Jakarta,TarungNews.com - Dewan Pers mendesak peninjauan kembali Peraturan Polri (Perpol) Nomor 3 Tahun 2025 tentang Pengawasan Fungsional Kepolisian terhadap Orang Asing yang salah satu ketentuannya mengatur surat keterangan kepolisian (SKK) untuk jurnalis asing yang akan meliput di Indonesia.
Ketua Dewan Pers Ninik Rahayu menyesalkan penerbitan Perpol Nomor 3 2025 yang tidak partisipatif dengan tidak melibatkan Dewan Pers, Komisi Penyiaran Indonesia (KPI), organisasi jurnalis dan perusahaan pers.
“Mengingat salah satu klausul yang diatur adalah kerja-kerja jurnalistik yang kami yakini organisasi tersebut dapat berkontribusi dalam penyusunan yang sesuai dengan pengalaman pers dan ketentuan perundang-undangan,” ujar Ninik dalam siaran pers, Jumat (4/4/2025).
Dewan Pers menilai Perpol Nomor 3/2025 bertentangan dengan pengaturan yang lebih tinggi, yaitu pada bagian pertimbangan tidak mempertimbangkan Undang-Undang Nomor 40 Tahun 1999 tentang Pers dan UU Nomor 32 Tahun 2002 tentang Penyiaran.

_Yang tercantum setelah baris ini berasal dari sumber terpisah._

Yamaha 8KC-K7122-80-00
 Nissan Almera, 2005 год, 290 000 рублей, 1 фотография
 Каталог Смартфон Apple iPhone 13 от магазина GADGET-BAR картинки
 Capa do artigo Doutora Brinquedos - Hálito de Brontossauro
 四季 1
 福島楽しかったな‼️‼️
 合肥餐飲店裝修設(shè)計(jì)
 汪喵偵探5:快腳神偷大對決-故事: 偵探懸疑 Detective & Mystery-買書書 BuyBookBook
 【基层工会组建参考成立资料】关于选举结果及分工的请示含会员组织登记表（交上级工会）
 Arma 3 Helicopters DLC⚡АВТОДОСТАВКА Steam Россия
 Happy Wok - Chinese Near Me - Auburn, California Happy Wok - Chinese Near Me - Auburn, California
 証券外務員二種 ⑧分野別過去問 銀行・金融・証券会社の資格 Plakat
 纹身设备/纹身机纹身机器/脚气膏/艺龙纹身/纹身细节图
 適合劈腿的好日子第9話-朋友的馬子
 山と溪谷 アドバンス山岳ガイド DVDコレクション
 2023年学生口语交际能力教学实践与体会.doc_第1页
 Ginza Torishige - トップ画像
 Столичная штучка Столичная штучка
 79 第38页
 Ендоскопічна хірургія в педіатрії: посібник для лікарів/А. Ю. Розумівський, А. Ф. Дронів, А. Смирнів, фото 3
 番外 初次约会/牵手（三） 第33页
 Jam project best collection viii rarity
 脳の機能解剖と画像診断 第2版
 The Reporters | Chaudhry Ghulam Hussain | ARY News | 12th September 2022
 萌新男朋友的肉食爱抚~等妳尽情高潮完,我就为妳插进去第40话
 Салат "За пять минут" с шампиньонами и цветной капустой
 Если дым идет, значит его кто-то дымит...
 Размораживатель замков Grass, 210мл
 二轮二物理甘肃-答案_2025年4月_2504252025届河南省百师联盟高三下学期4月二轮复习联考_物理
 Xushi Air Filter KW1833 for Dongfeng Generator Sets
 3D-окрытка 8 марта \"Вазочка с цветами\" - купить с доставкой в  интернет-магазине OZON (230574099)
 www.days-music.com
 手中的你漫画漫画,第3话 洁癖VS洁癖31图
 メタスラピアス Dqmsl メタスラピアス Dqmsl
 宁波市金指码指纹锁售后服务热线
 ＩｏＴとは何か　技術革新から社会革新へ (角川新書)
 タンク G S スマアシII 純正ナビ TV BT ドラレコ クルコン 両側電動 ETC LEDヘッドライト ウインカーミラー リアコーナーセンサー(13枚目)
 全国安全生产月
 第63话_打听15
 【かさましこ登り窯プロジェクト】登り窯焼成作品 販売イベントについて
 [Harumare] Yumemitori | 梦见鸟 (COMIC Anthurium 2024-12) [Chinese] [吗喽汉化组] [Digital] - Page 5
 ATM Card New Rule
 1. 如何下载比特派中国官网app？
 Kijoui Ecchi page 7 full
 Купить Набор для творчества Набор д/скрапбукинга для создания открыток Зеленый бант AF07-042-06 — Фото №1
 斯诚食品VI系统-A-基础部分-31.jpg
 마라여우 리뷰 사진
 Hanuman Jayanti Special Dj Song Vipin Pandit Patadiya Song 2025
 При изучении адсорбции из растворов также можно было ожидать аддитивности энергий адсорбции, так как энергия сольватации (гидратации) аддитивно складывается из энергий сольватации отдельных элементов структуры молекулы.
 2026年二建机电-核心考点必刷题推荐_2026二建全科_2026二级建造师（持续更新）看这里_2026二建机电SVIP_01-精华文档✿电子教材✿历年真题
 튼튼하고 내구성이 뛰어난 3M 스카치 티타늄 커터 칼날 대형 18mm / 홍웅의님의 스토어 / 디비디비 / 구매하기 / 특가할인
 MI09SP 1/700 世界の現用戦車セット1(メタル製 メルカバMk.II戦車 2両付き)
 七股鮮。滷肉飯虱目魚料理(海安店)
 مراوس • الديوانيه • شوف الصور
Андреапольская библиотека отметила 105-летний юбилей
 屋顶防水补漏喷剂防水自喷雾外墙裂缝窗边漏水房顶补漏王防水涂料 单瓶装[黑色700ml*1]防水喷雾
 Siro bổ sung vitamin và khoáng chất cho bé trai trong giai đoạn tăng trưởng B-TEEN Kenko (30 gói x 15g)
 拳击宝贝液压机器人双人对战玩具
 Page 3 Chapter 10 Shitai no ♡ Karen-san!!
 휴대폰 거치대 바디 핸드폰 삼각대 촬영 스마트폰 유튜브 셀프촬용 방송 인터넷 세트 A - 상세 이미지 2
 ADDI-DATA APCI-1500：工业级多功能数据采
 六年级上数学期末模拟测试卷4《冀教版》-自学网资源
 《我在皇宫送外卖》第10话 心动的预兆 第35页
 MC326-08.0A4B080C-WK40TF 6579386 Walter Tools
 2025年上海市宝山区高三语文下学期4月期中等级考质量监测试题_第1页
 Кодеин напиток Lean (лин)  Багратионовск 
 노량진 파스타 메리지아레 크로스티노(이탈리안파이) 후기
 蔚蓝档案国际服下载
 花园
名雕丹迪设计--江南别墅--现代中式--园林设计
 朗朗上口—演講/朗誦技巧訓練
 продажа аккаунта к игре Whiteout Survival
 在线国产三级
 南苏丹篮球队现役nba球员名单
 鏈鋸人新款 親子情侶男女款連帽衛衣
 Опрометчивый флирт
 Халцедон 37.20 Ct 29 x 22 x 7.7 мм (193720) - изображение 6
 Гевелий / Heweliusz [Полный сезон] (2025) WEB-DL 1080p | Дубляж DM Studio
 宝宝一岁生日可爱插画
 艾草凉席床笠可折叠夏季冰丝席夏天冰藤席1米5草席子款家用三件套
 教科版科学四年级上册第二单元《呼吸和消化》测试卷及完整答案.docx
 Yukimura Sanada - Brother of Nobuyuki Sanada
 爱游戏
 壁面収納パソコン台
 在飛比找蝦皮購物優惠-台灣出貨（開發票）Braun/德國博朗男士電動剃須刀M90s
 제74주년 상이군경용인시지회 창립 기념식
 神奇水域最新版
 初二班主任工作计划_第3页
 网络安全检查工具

Padahal dalam perpol ini antara lain mengatur kerja jurnalistik pers, yang meliputi 6M, yakni mencari, memperoleh, memiliki, menyimpan, mengolah dan menyiarkan berita yang telah diatur secara gamblang dalam UU Pers, dan dalam fungsi pengawasan menjadi kewenangan Dewan Pers, termasuk bagi jurnalis asing.
Hal lain sebagaimana diatur dalam UU Penyiaran juncto Peraturan Pemerintah Nomor 49 Tahun 2005 tentang Pedoman Kegiatan Peliputan Lembaga Penyiaran Asing juncto Peraturan Menteri Komunikasi dan Informatika RI Nomor 42/PER/M.KOMINFO/10/2009 tentang Tata Cara Memperoleh Izin Bagi Lembaga Penyiaran Asing yang Melakukan Kegiatan Peliputan di Indonesian Perizinan Kegiatan Kerja-Kerja Pers dan Jurnalis Asing merupakan kewenangan menteri komunikasi dan informatika atau Kemenkomdigi.
Menurut Dewan Pers, Perpol Nomor 3/2025 membingungkan dengan penggunaan pertimbangan merujuk pada Undang-Undang Nomor 2 Tahun 2002 tentang Polri sebagaimana telah diubah dengan UU Nomor 6 Tahun 2023 tentang Penetapan Peraturan Pemerintah Pengganti Undang-Undang Nomor 2 Tahun 2022 tentang Cipta Kerja Menjadi Undang-Undang.
Pada Pasal 15 ayat (2) dinyatakan kepolisian berwenang melakukan pengawasan fungsional kepolisian terhadap orang asing yang berada di wilayah Indonesia dengan koordinasi instansi terkait. Namun, tidak merujuk pada perubahan UU Nomor 63 Tahun 2024 tentang Perubahan Ketiga Atas UU Nomor 6 Tahun 2011 tentang Keimigrasian yang diundangkan pada 17 Oktober 2024 yang mengatur pemberian izin masuk WNA, termasuk jurnalis ke Indonesia.
“Pengaturan Perpol 3/2025 akan menimbulkan tumpang tindih kewenangan antarlembaga, memperpanjang jalur birokrasi untuk beraktivitas di Indonesia dan potensi menjadi komoditas oleh oknum aparat penegak hukum,” ujar Ninik Rahayu.
Walau dinyatakan untuk memberikan pelayanan dan perlindungan, lanjut Ninik, tetapi ketentuan dalam perpol tersebut dapat dimaknai sebagai kontrol dan pengawasan terhadap kerja-kerja jurnalis.
“Karenanya, berdasarkan hal tersebut, Dewan Pers berpandangan bahwa Perpol 3/2025 secara substantif potensial melanggar prinsip-prinsip pers yang demokratis, professional, independent, menjunjung tinggi moralitas dan mengedepankan asas praduga tidak bersalah. Prinsip-prinsip yang dijalankan sebagai wujud upaya memajukan, memenuhi dan menegakkan kemerdekaan pers,” kata Ninik.